##### TASK DATA

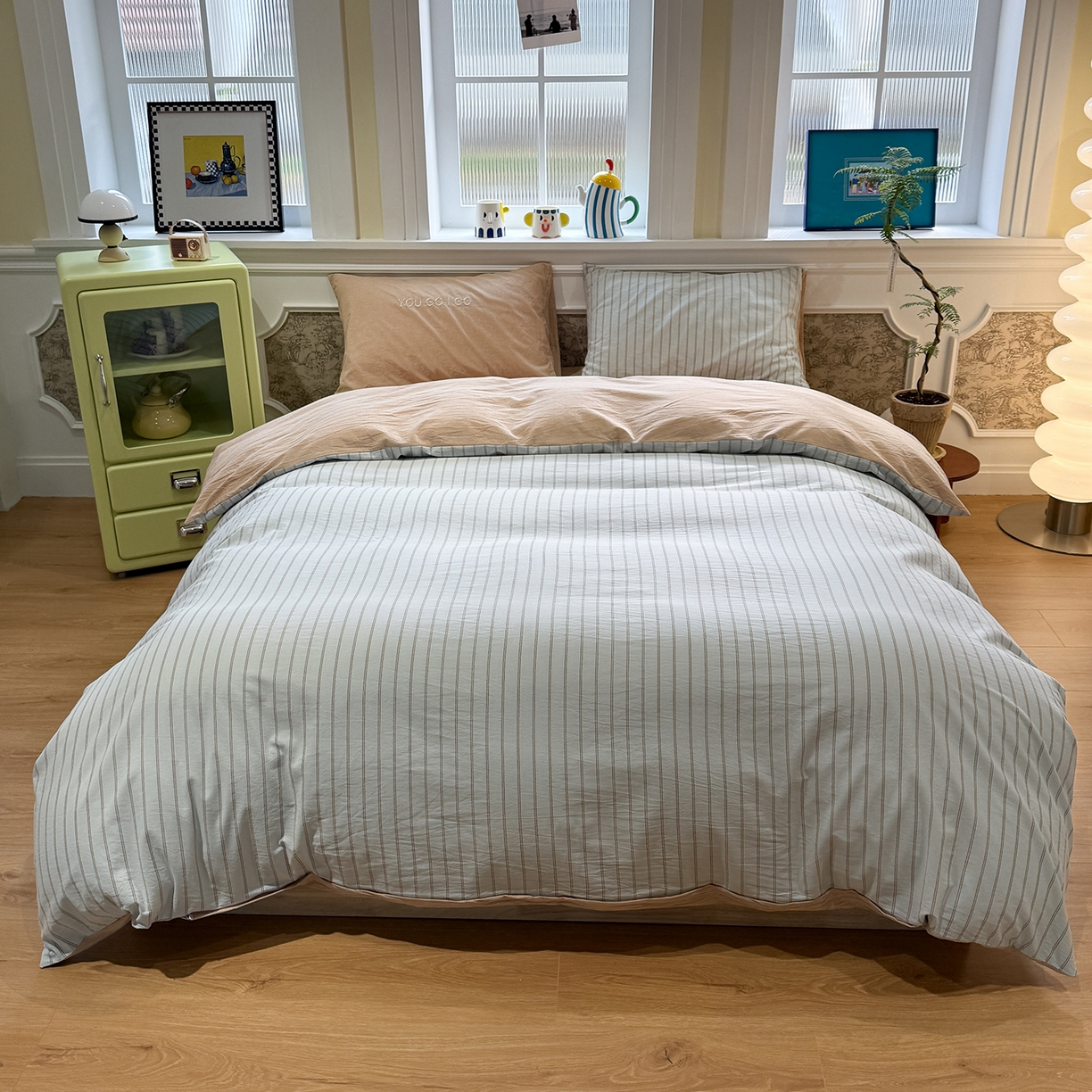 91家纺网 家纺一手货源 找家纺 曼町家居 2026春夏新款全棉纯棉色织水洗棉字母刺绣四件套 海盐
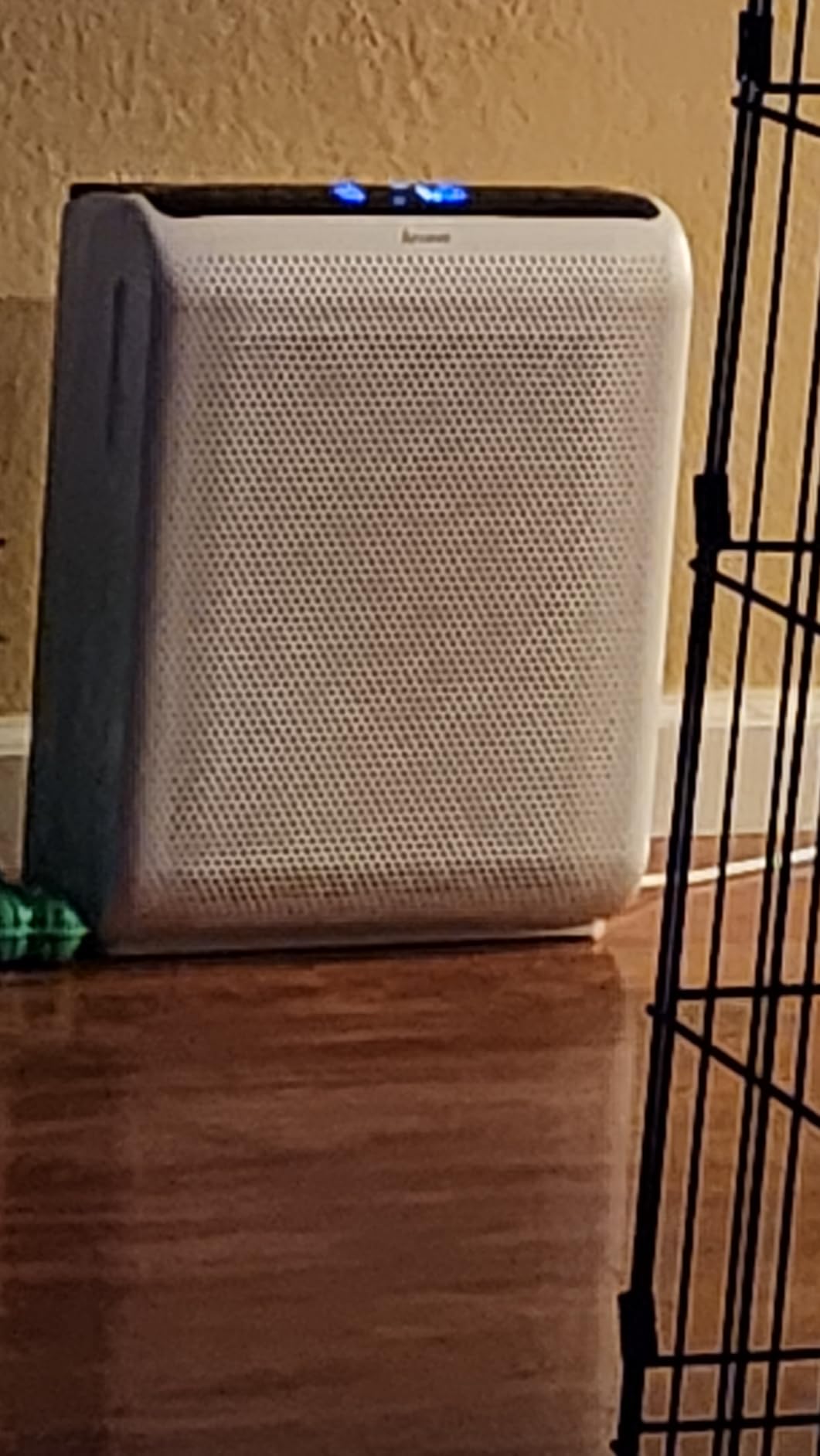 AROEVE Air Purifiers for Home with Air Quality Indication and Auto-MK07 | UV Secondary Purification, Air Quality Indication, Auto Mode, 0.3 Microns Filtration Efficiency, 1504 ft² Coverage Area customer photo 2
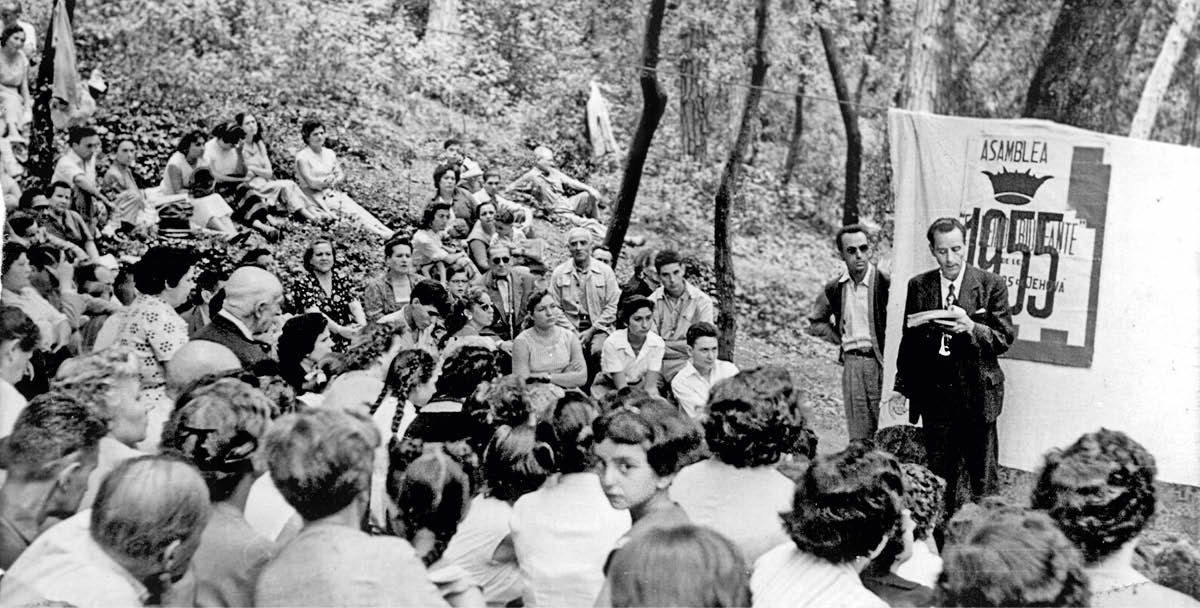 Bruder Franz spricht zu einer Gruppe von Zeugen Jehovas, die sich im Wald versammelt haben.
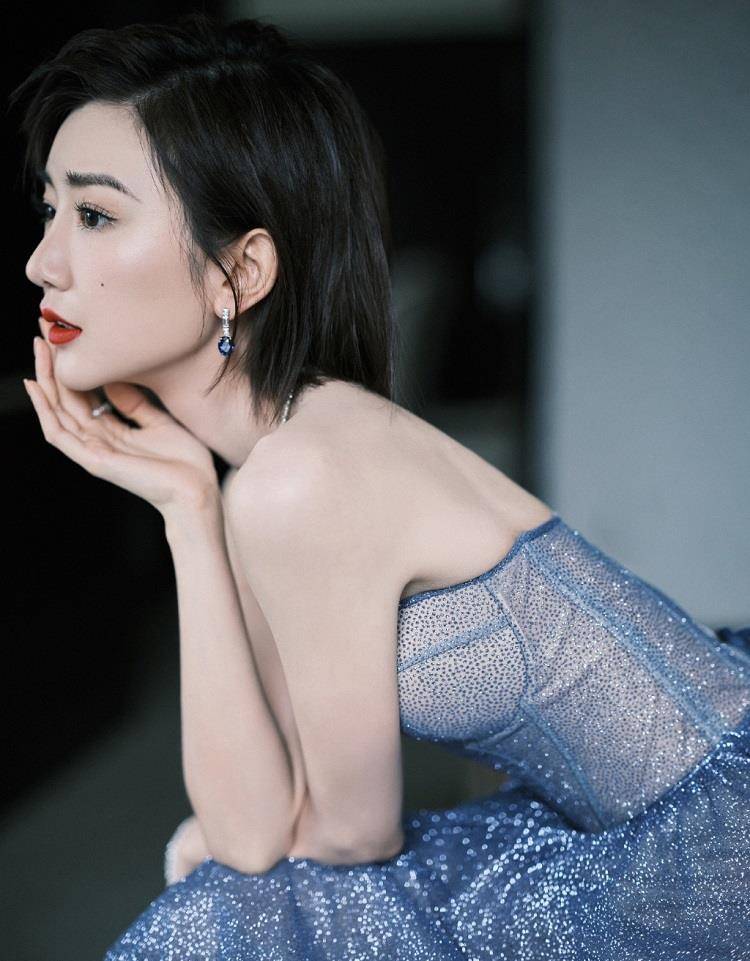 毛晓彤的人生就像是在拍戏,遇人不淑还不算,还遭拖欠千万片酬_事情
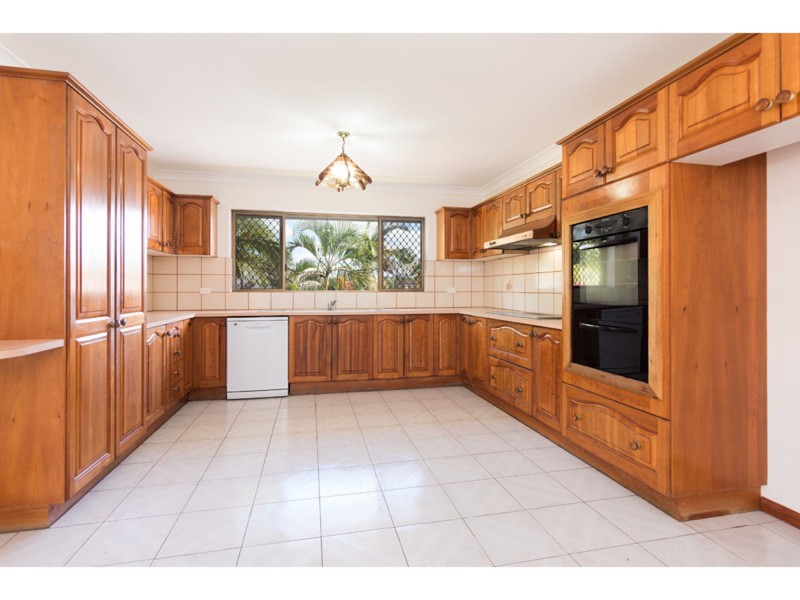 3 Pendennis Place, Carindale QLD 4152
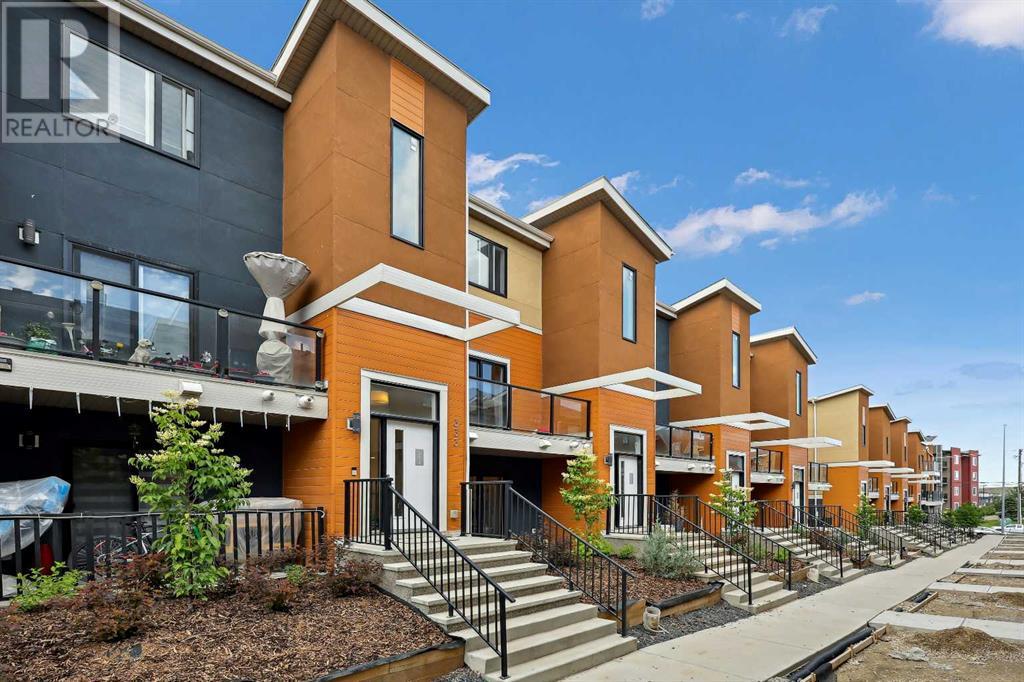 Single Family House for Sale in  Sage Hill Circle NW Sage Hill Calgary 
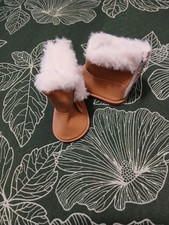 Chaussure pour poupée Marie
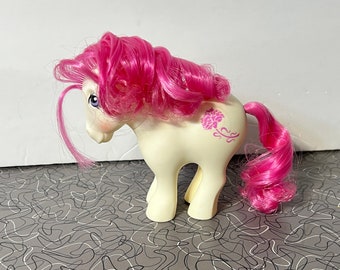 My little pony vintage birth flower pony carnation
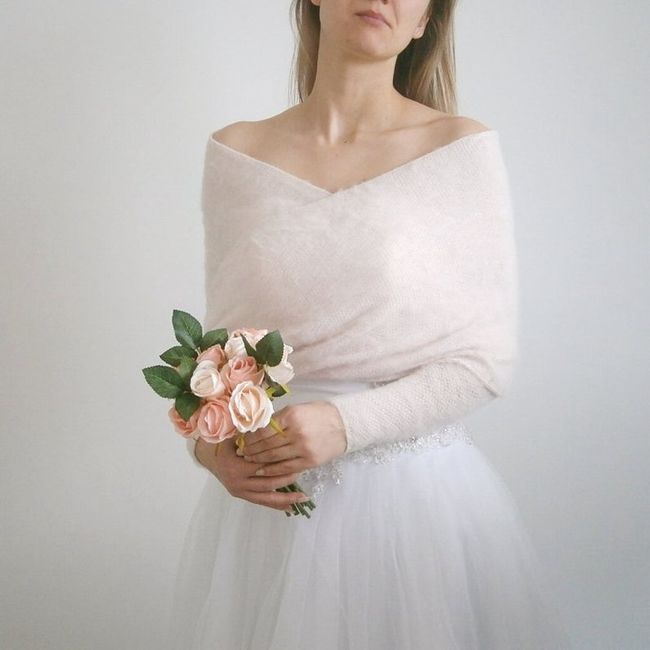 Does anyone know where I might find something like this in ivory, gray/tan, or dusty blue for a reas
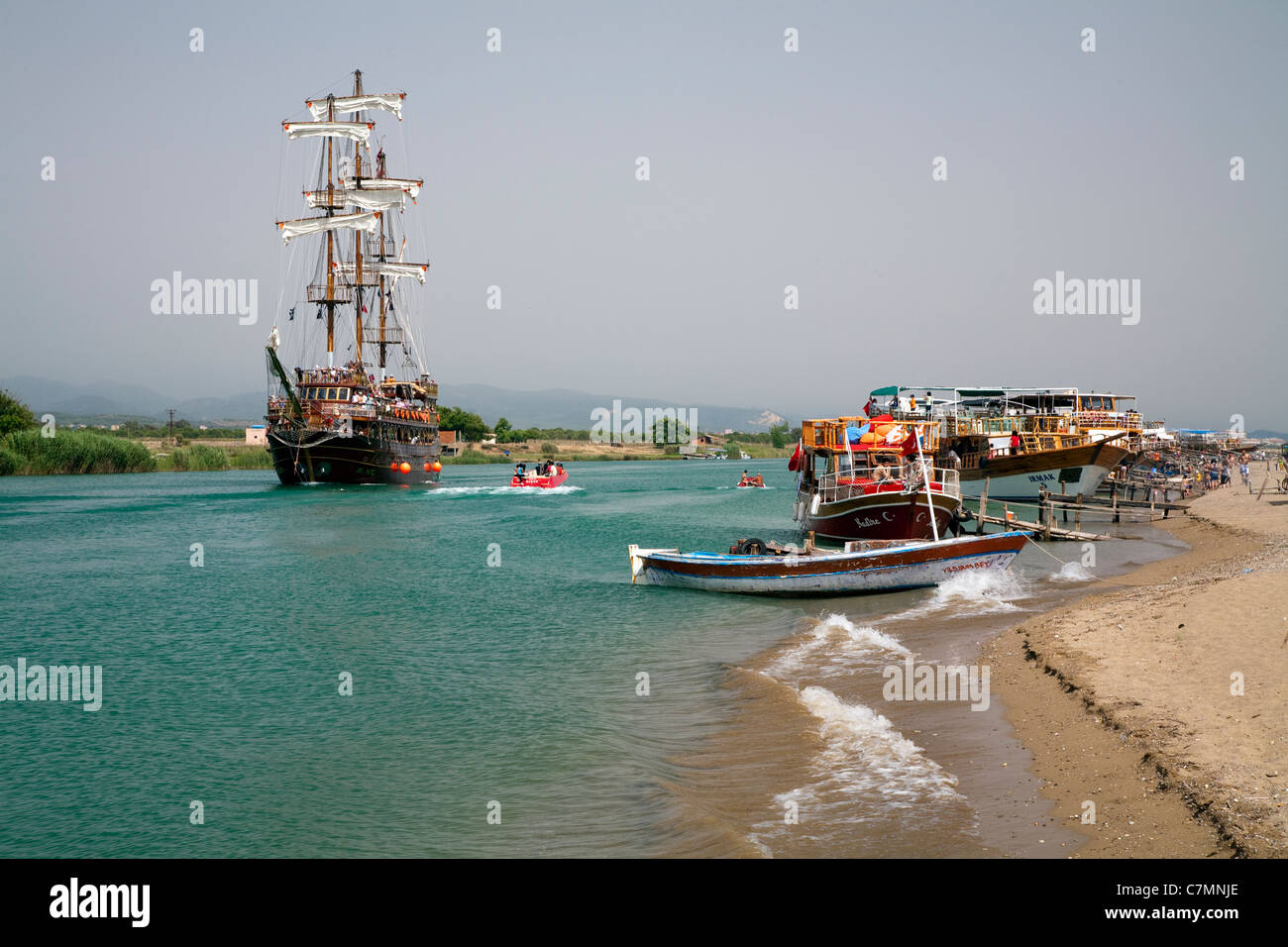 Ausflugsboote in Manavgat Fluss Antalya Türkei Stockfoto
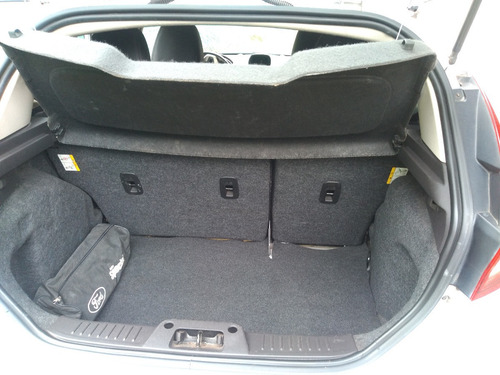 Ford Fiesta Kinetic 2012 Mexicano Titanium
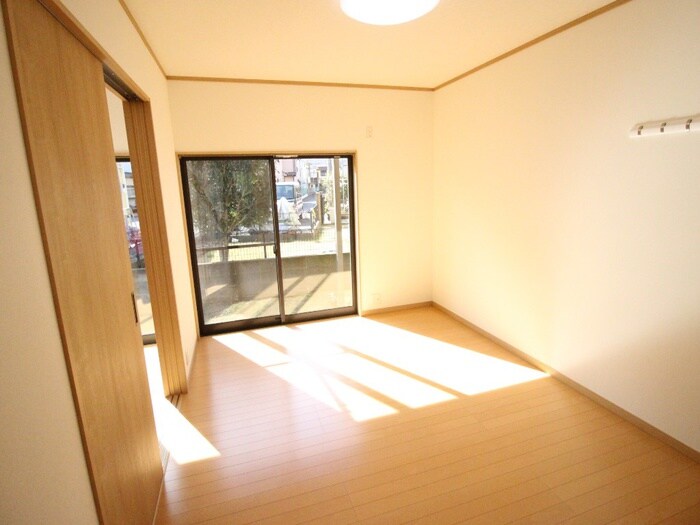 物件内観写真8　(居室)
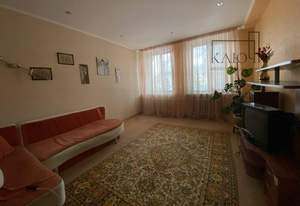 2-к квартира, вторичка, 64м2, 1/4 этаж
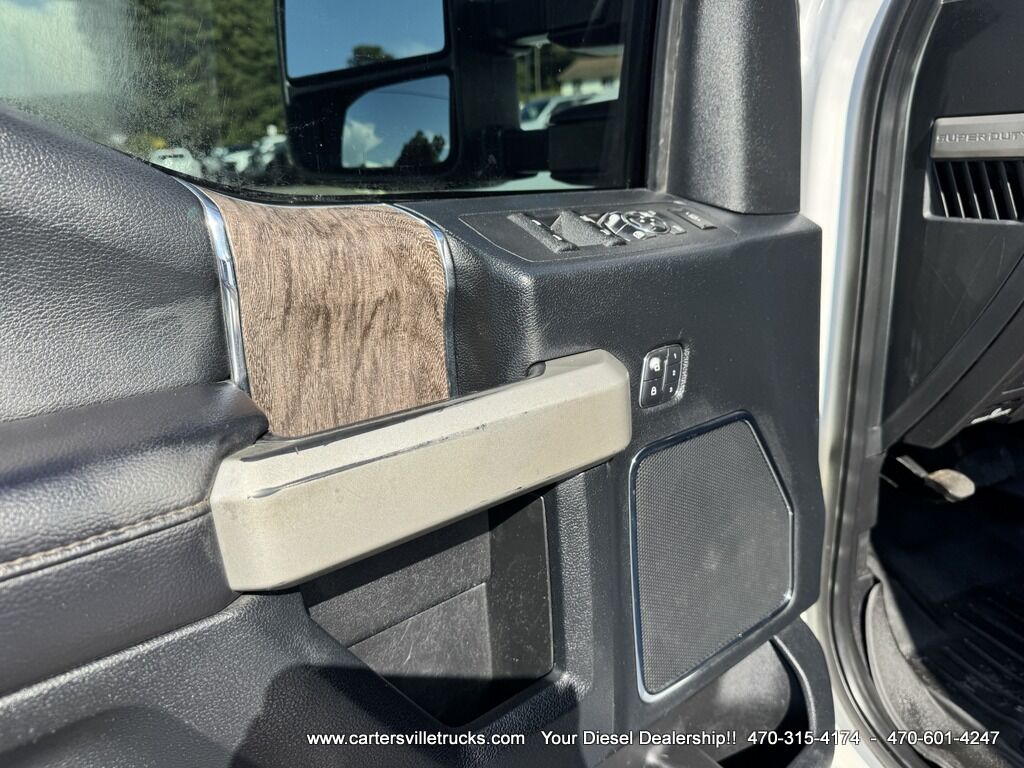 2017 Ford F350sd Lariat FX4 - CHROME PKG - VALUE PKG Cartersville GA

##########

Which part of the entries opens with the line containing "毛晓彤的人生就像是在拍戏,遇人不淑还不算,还遭拖欠千万片酬_事情" and closes with the line containing "Ford Fiesta Kinetic 2012 Mexicano Titanium"? Output that part exactly, ends included, pictures excluded.

PROBLEM SOLUTION:
 毛晓彤的人生就像是在拍戏,遇人不淑还不算,还遭拖欠千万片酬_事情
 3 Pendennis Place, Carindale QLD 4152
 Single Family House for Sale in  Sage Hill Circle NW Sage Hill Calgary 
 Chaussure pour poupée Marie
 My little pony vintage birth flower pony carnation
 Does anyone know where I might find something like this in ivory, gray/tan, or dusty blue for a reas
 Ausflugsboote in Manavgat Fluss Antalya Türkei Stockfoto
 Ford Fiesta Kinetic 2012 Mexicano Titanium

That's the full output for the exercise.